1

Topic: Problems with UTF-8?

Hello,
I'm wondering if htmLawed can have problems like content corruption handling utf-8 content; according to this page http://www.phpwact.org/php/i18n/utf-8 (quite old, but I think still useful) there are some functions which can produce bad results with utf-8 content and they don't have an mbstring equivalent

1) Some functions such as explode, str_replace seems to be Ok if the content is well formed, so first question is: does htmLawed check for utf-8 well formedness?

2) Other functions (without an mbstring equivalent) can also have problems with well formed utf-8 (and they are used in htmLawed) e.g. :
- substr_replace
- preg_replace with \w or \b
- strcspn

In particular here

$y = !$x ? ltrim($e, '/') : ($x > 0 ? substr($e, 0, strcspn($e, ' ')) : 0);

I think there could be a problem if the mbstring overload is ON because substr would count characters and strcspn would count bytes.

Thanks!

2

Re: Problems with UTF-8?

No, htmLawed does not check for well-formedness of UTF-8 (or other character encoding). I feel this is something beyond a text filter's purview.

With well-formed UTF-8, I have tested a variety of inputs without noticing an issue. Only once have I heard of a possible bug because of the use of a function without an mbstring equivalent (I could not reproduce the issue though; see this topic).

So, it may be that, theoretically, htmLawed will have issues with some types of UTF-8 input. But I do not plan to modify the htmLawed code until I can see/reproduce such an issue.

3

Re: Problems with UTF-8?

Thanks for the reply.

About well-formedness: I don't think it is a very difficult task to get, I think there are simple methods to check it (at least for utf-8, which is very common) that you can apply before any other operations. Just a suggestion.

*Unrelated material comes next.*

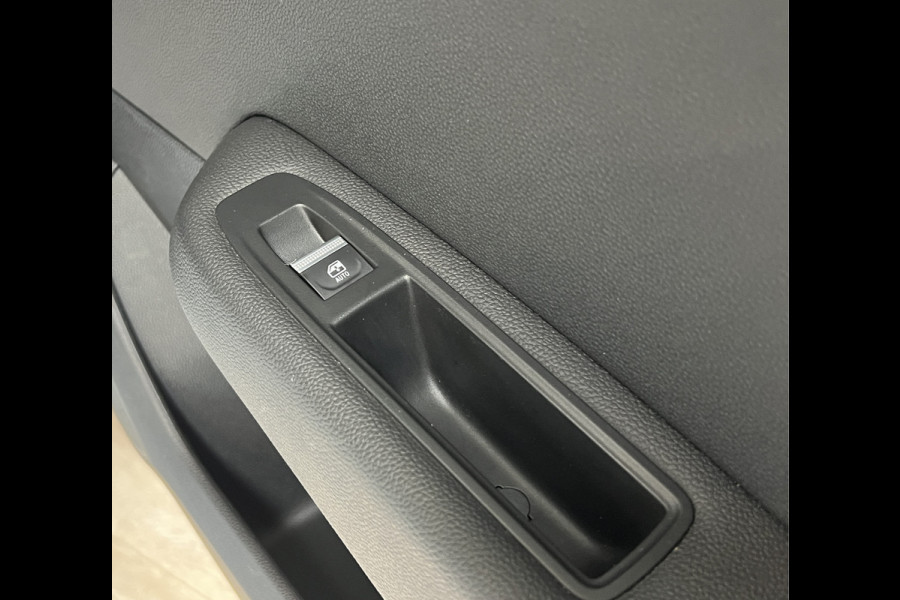 Renault Clio 1.0 TCe 100 Intens | Groot Navi | Camera | Carplay | PDC V+A | 16" | Clima | 100% Onderhouden!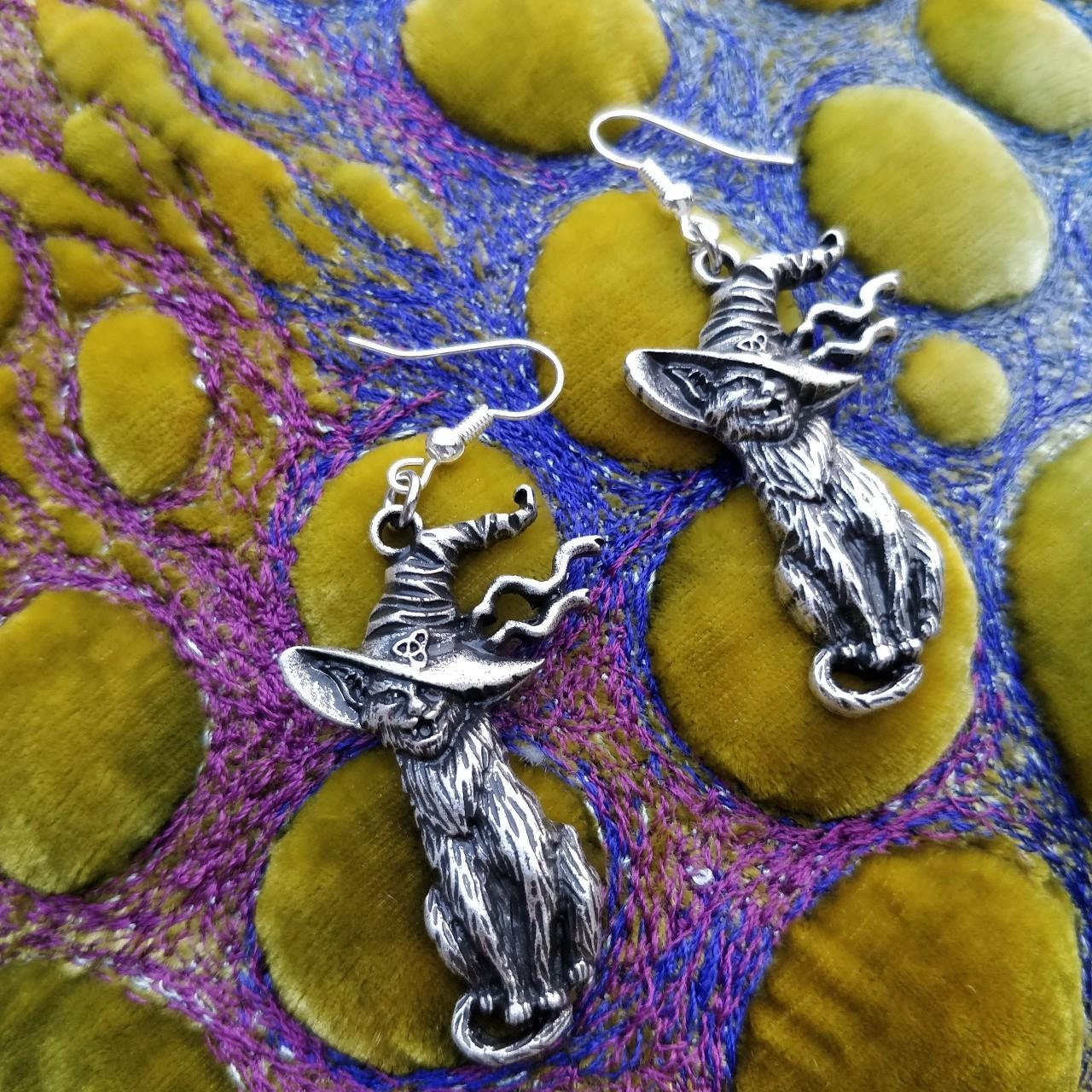mischievous-witch-cats-in-hats-celtic-trifecta-vintage-style-earrings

Beside well formedness, in general, I think there could be two kinds of problems:

1) if you are parsing utf-8 content, is htmLawed working even if you use the standard string functions? I mean strlen, strpos,strtolower,substr can't correctly handle multibyte text, they need the corresponding mb_strlen, mb_strpos and so on.... I don't know the library enough to imagine an example which can cause problems, but is there any reason why you don't use mbstring functions (with a fallback to the standard ones in case mbstring is not available)? Here I'm talkning about a situation where mbstring overload is not enabled.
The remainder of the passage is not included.